[Fleet] Investigate side-effect of a space deletion

nchaulet commented 2 months ago

Description

as Fleet moving to be space-aware, some entities (agents, agent policies, uninstall token) will become space aware, we should investigate the effect of a space deletion, and the potential way to recover from it if there is an issue.

@elastic/kibana-security is there any hook available to react on a space deletion? maybe to clean things or to prevent if there enrolled fleet-agents

elasticmachine commented 2 months ago

Pinging @elastic/fleet (Team:Fleet)

legrego commented 2 months ago

@elastic/kibana-security is there any hook available to react on a space deletion? maybe to clean things or to prevent if there enrolled fleet-agents

We do not expose a hook today, but we can explore adding one (or something like it) if you can provide a set of detailed requirements.

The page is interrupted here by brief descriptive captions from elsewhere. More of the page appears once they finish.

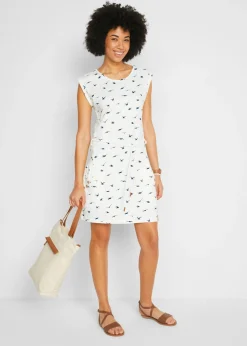 Sale Vestido de algodón Mujer Vestidos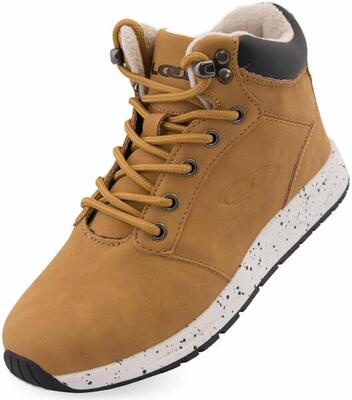 Kinderwinterschoenen loap belen geel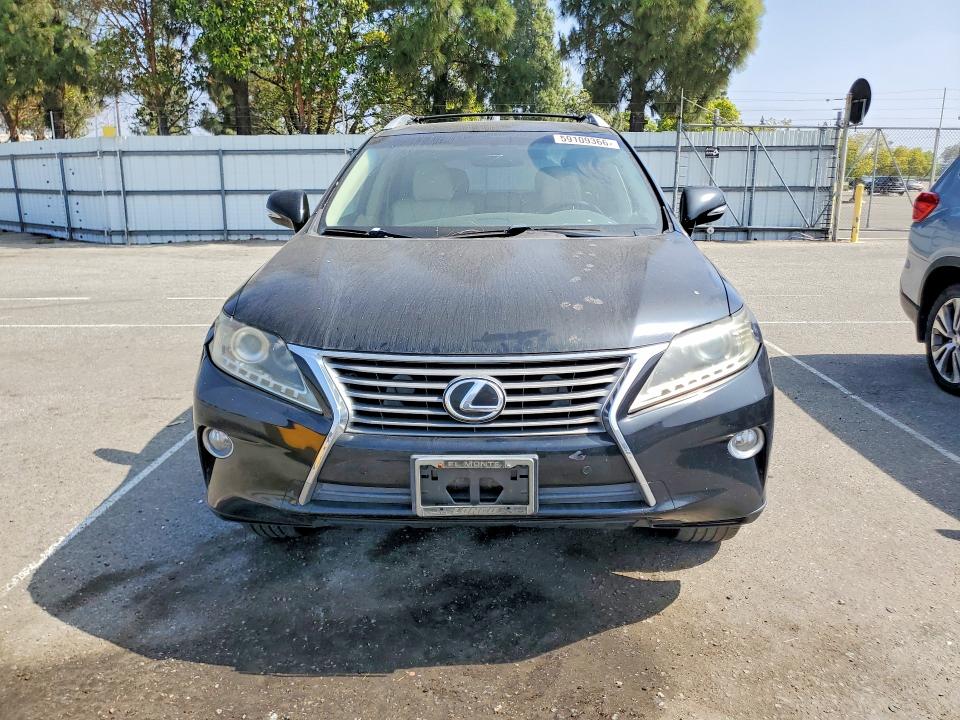 59109366 :رقم المزاد ، 2T2ZK1BA3FC179853 vin ، 2015 Lexus Rx مزاد بيع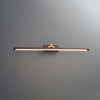 Walnut Linear Led Wall Light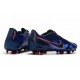 Nike Phantom VNM Elite FG Zapatillas de Tacos Obsidiana Azul Negro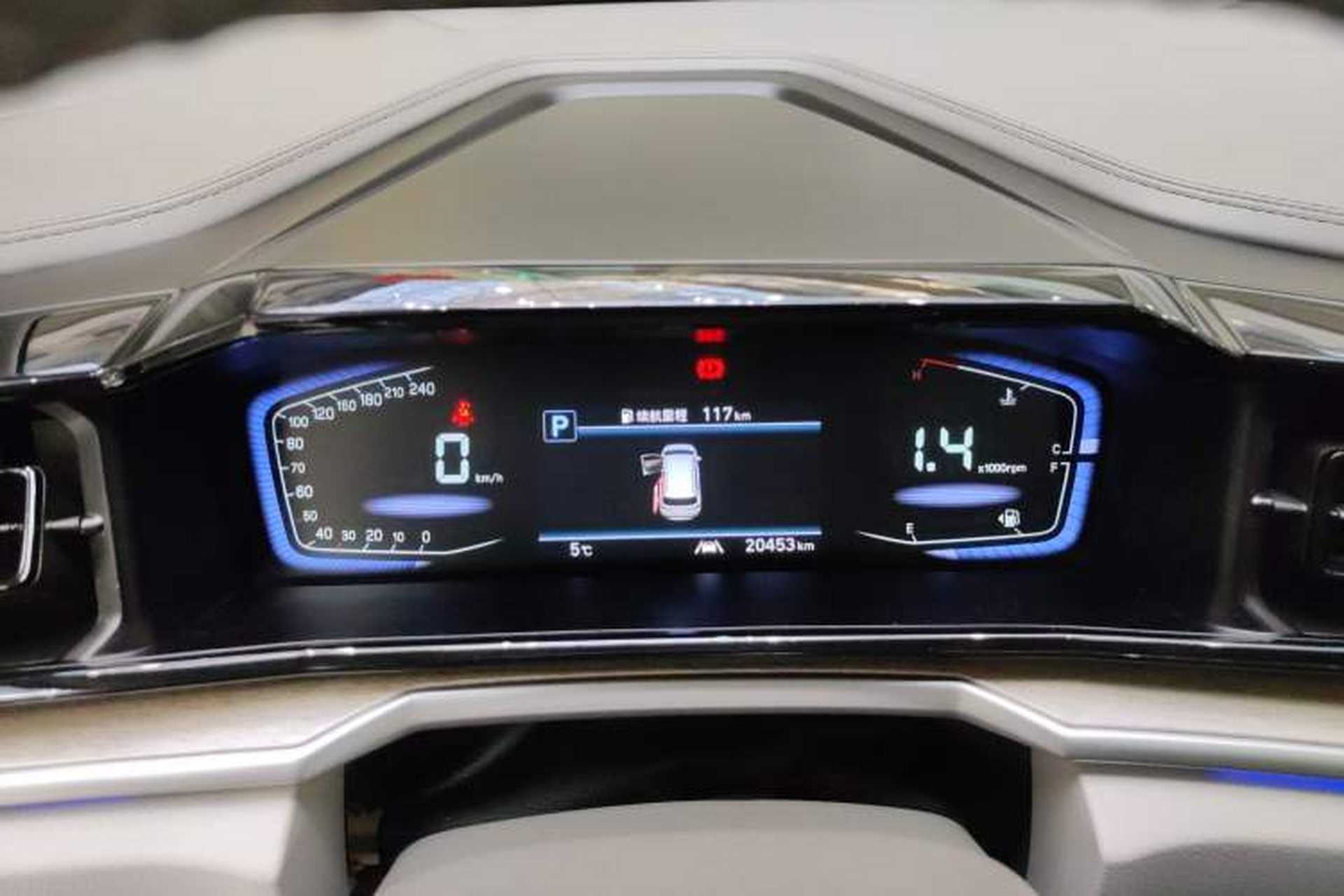 Used Hyundai Custo 2021 380TGDi Smart Luxury Premium LUX Instrument Cluster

For reference, the logic to delete a space is defined here: https://github.com/elastic/kibana/blob/c89ee65c7034ba26006e2d426156a6de11b3505f/x-pack/plugins/spaces/server/spaces_client/spaces_client.ts#L187-L196

This delegates to the deleteByNamespace function of the Saved Objects repository, which deletes saved objects belonging to the space, or "unshares" objects from the space if an object exists in multiple spaces: https://github.com/elastic/kibana/blob/c89ee65c7034ba26006e2d426156a6de11b3505f/packages/core/saved-objects/core-saved-objects-api-server-internal/src/lib/apis/delete_by_namespace.ts#L25-L83

nchaulet commented 2 months ago

Thanks @legrego the issue for us is we are introducing space to non saved object documents, and those document will become orphans if the space is deleted.

@nimarezainia what will be the ideal behavior here? a way to block space deletion when we have active agents in that space? some migration to the default space?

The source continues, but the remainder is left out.